Mohamed El-Erian, chief economic advisor of Allianz SE and chairman of President Obama’s Global Development Council, says “[f]inancial markets are now transitioning . . . to a new operating regime.” He contends that this means “volatility bouts will be more frequent and, in some cases, more violent than in the last few years.” Further, he suggests that that “challenge will be in monitoring carefully the tipping points for various market segments, along with related price overshoots and undue asset-class contagion.” El-Erian points to nine aspects of the change:
- “Bouts of volatility are to be expected;”
- They will be “amplified by fragile market liquidity;”
- “Excessive volatility . . . is detrimental to the real economy;”
- “Concerns about excessive volatility are a lot greater when markets approach tipping points,” which is reflected in energy, high-yield bond, and emerging-market currencies;
- “[S]tabilization has repeatedly fallen to liquidity injections from . . . central banks . . . and companies;”

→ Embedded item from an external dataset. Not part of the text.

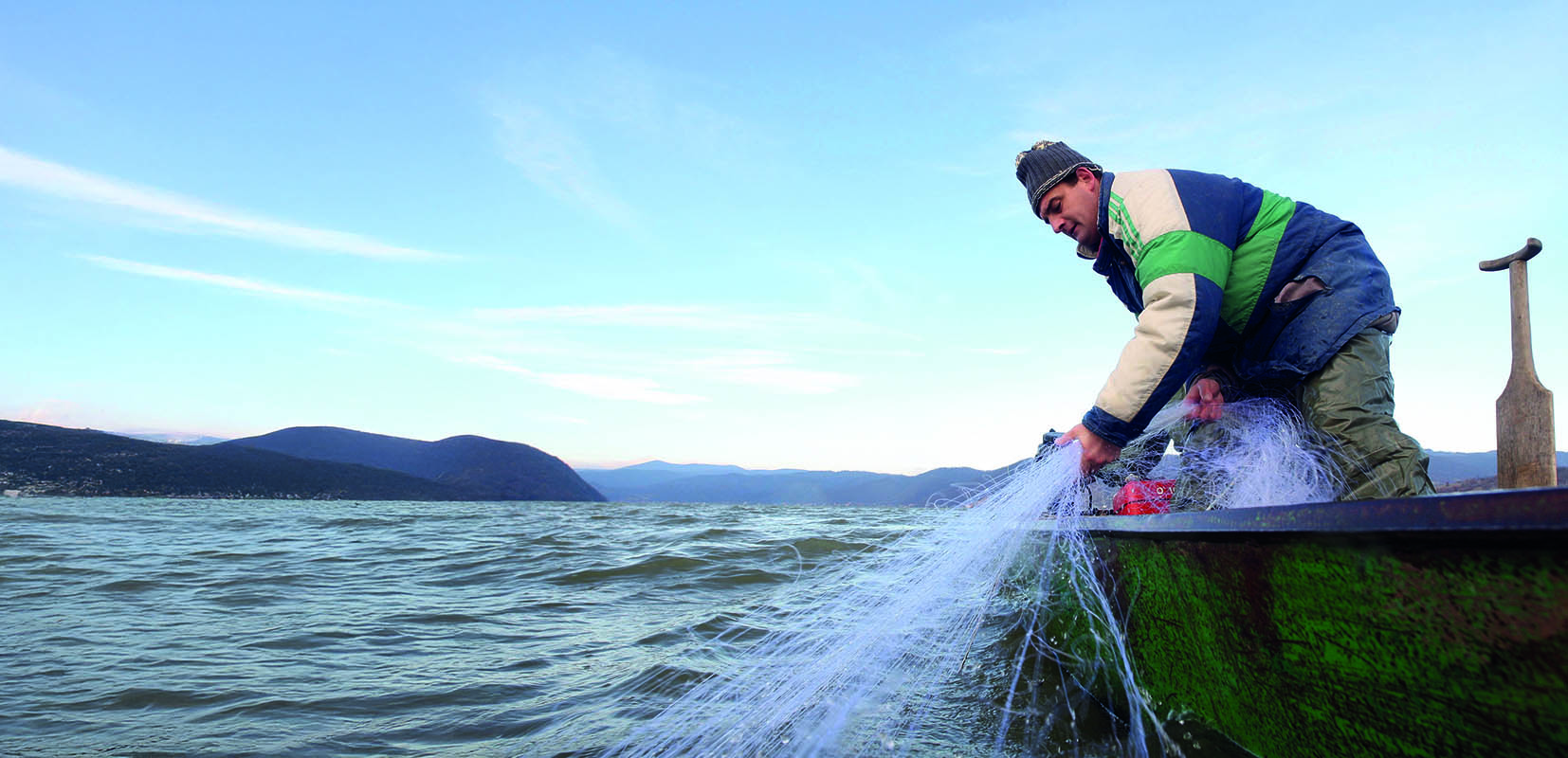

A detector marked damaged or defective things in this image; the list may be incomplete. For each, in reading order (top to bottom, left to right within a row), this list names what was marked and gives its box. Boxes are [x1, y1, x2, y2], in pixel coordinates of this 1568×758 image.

rusty metal boat edge [1078, 485, 1568, 758] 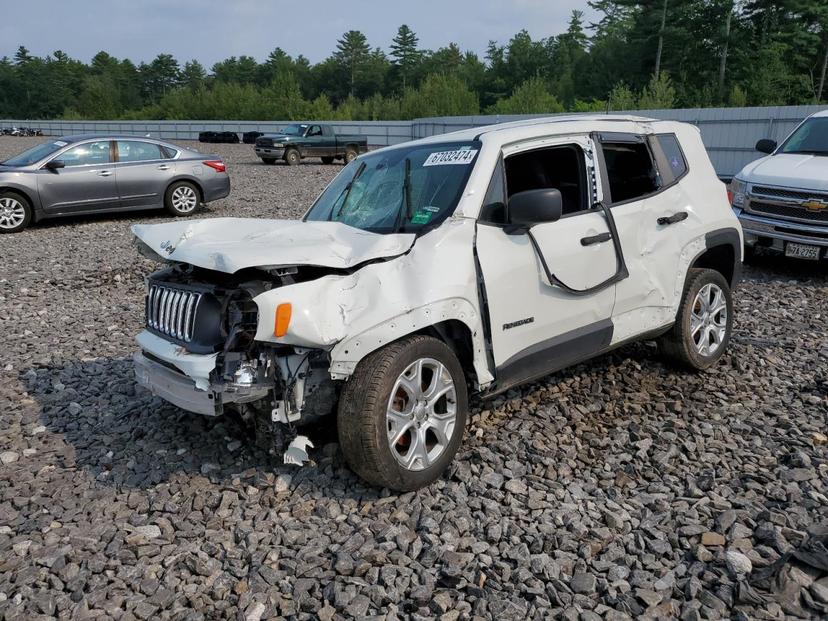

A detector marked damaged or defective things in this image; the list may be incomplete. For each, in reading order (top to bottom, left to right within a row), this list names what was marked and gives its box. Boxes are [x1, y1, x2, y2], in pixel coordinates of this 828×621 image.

broken windshield [306, 140, 482, 232]
damaged jeep renegade [134, 114, 744, 486] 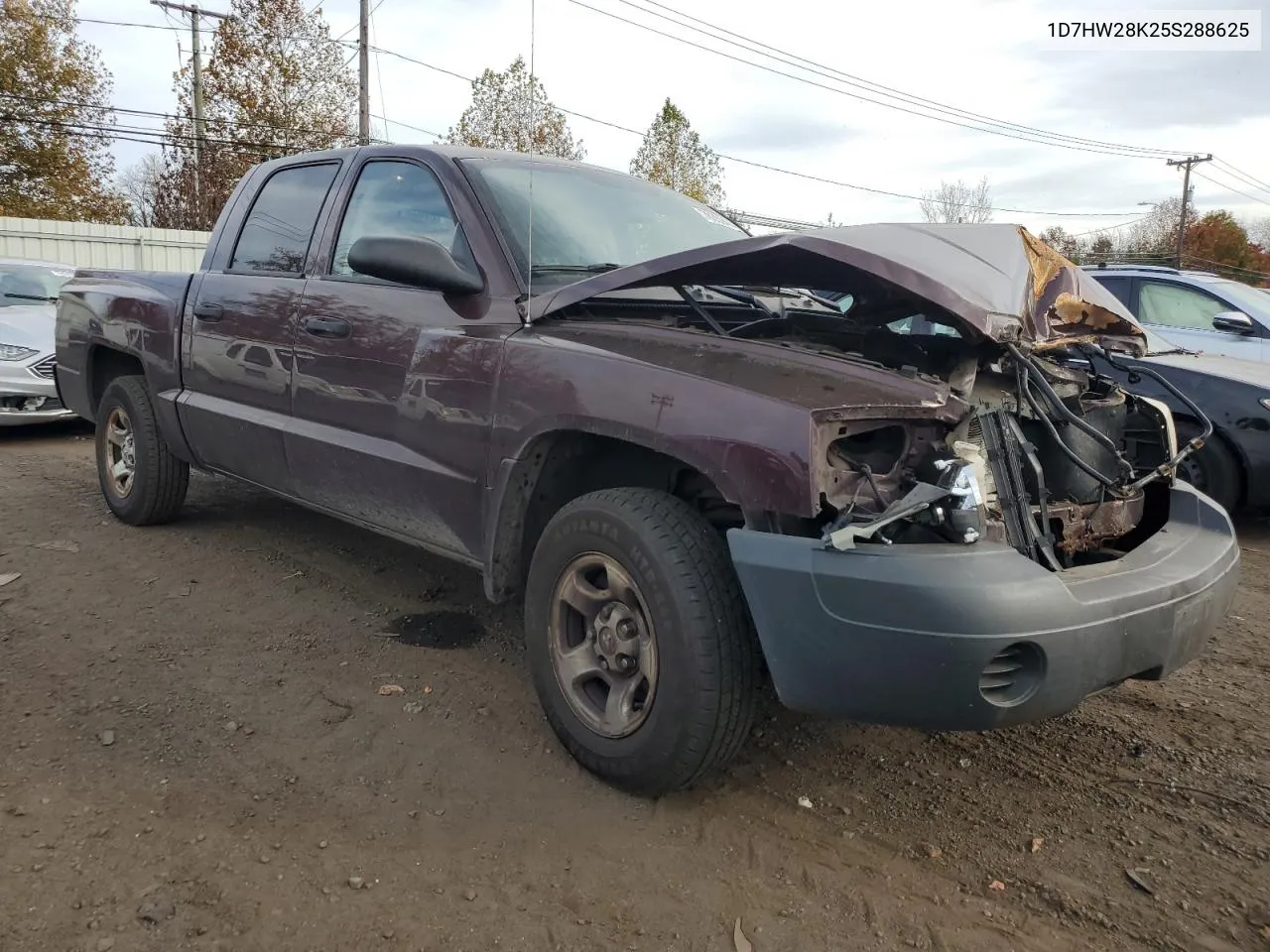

- With volatility apparent, “some market participants are quick to call for the central bank to step in and restore calm;”
- “The Fed is in no hurry to reverse course” after its recent rate hike, and “[a]s a result, more of the burden of stabilization will fall to the deployment of corporate liquidity;”
- “This configuration is a lot less supportive of financial markets;” and
- “[W]e should not expect economic and corporate fundamentals to play a sufficiently deterministic stabilizer role for asset markets.”